----- Material to process

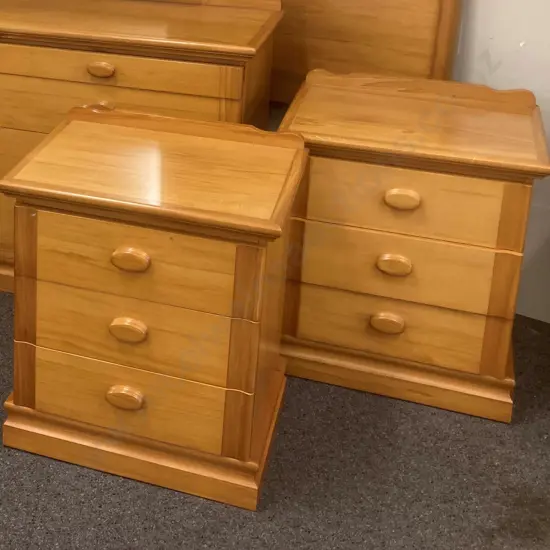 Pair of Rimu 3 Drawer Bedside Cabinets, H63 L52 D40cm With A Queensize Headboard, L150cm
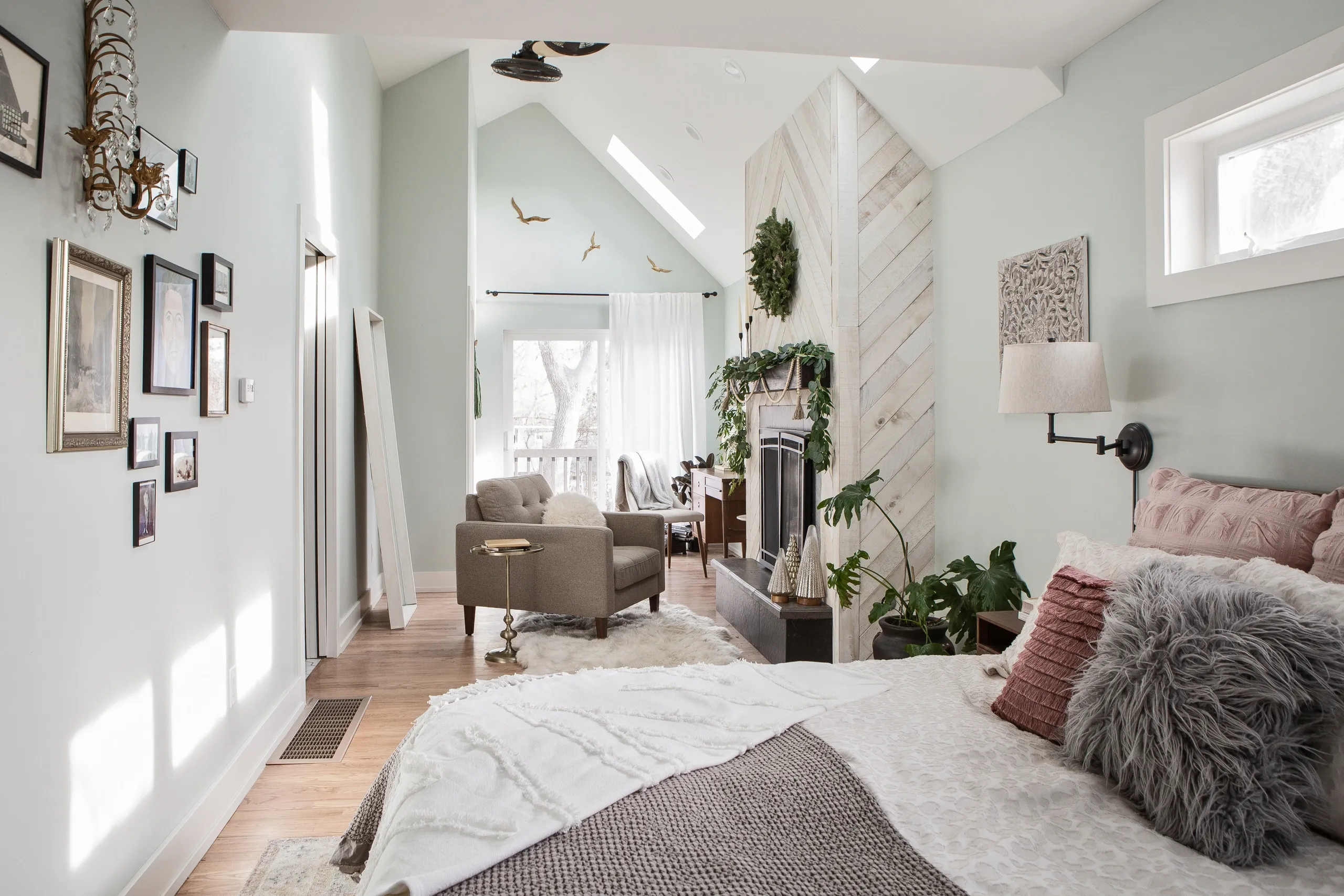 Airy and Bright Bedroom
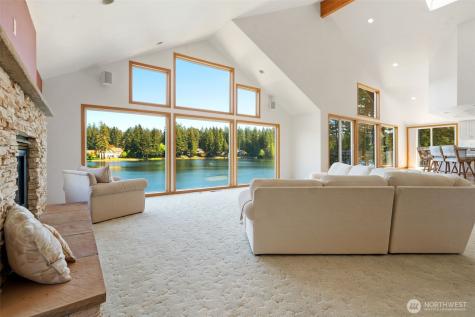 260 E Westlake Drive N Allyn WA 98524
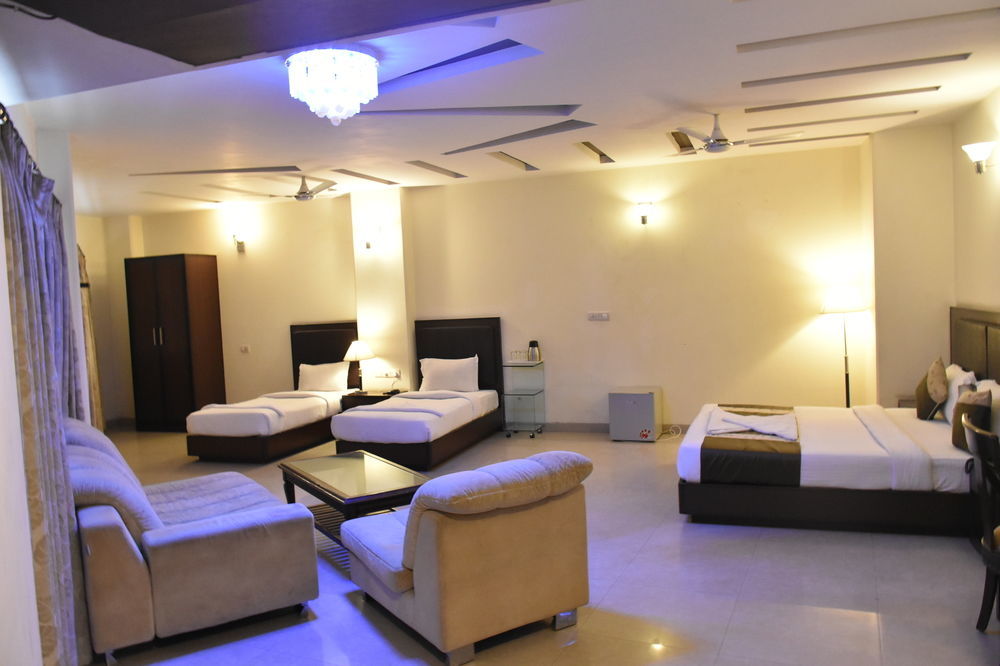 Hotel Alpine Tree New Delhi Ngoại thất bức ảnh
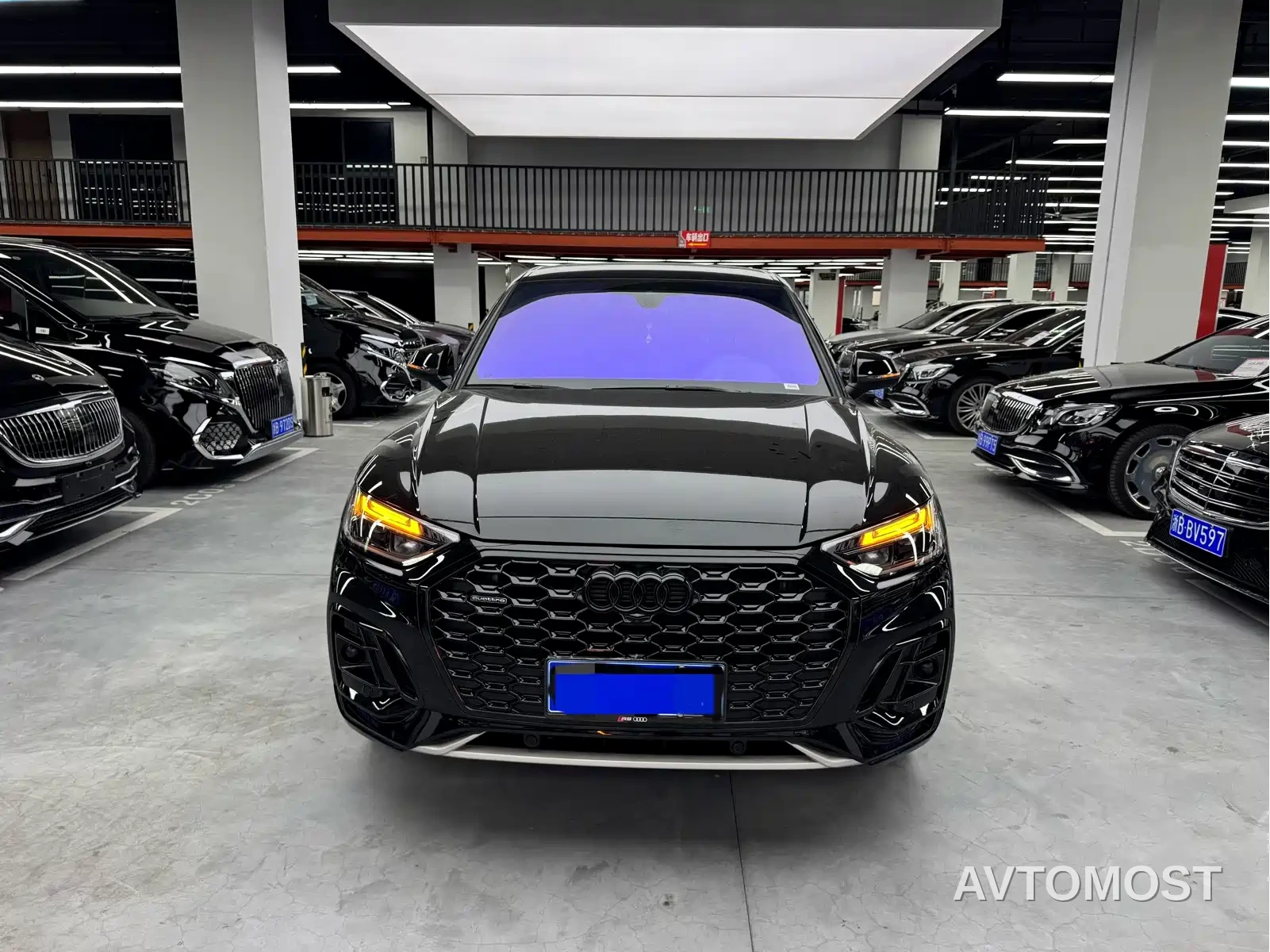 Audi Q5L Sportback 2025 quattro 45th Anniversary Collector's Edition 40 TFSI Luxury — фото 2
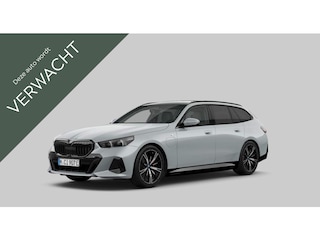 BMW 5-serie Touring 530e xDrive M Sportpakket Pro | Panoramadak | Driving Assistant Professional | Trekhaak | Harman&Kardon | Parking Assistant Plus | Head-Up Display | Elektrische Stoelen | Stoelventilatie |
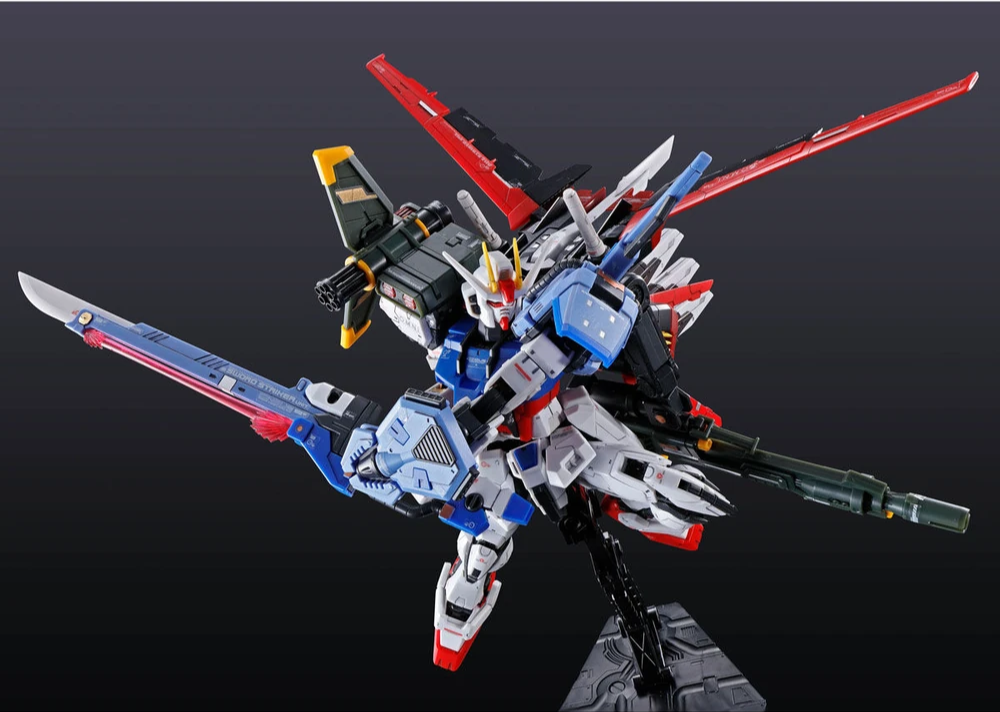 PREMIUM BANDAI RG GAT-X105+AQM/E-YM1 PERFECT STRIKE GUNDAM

----------

== What the task asks ==
Using the material above, transcribe exactly the lines from the one holding "Audi Q5L Sportback" to the one holding "BMW 5-serie Touring", both ends kept. Do not carry over any pictures.

== Answer space ==
 Audi Q5L Sportback 2025 quattro 45th Anniversary Collector's Edition 40 TFSI Luxury — фото 2
 BMW 5-serie Touring 530e xDrive M Sportpakket Pro | Panoramadak | Driving Assistant Professional | Trekhaak | Harman&Kardon | Parking Assistant Plus | Head-Up Display | Elektrische Stoelen | Stoelventilatie |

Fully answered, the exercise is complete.